▶ Exercise materials
++++++++++++++++++++
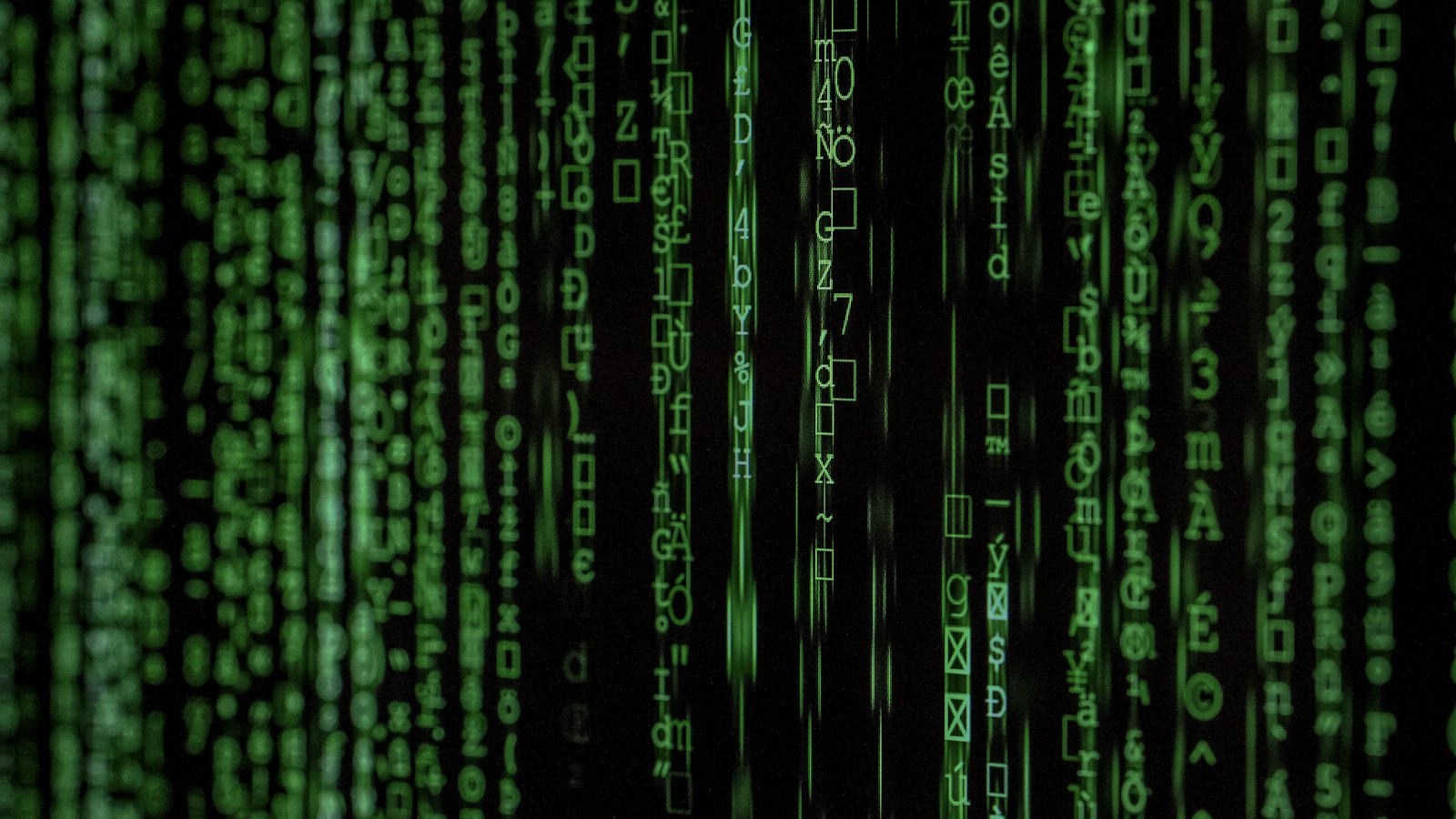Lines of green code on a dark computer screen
++++++++++++++++++++
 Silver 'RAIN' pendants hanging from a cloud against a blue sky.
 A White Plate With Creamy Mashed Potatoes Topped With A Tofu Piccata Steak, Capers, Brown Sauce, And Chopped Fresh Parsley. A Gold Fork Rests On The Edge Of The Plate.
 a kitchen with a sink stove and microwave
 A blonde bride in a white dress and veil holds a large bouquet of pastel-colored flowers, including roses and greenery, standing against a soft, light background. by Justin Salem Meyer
++++++++++++++++++++
▶ Task item
Copy out only the lines above from the one with "Silver 'RAIN' pendants" to the one with "A blonde bride", inclusive, exactly as they stand.

▶ Exercise solution
 Silver 'RAIN' pendants hanging from a cloud against a blue sky.
 A White Plate With Creamy Mashed Potatoes Topped With A Tofu Piccata Steak, Capers, Brown Sauce, And Chopped Fresh Parsley. A Gold Fork Rests On The Edge Of The Plate.
 a kitchen with a sink stove and microwave
 A blonde bride in a white dress and veil holds a large bouquet of pastel-colored flowers, including roses and greenery, standing against a soft, light background. by Justin Salem Meyer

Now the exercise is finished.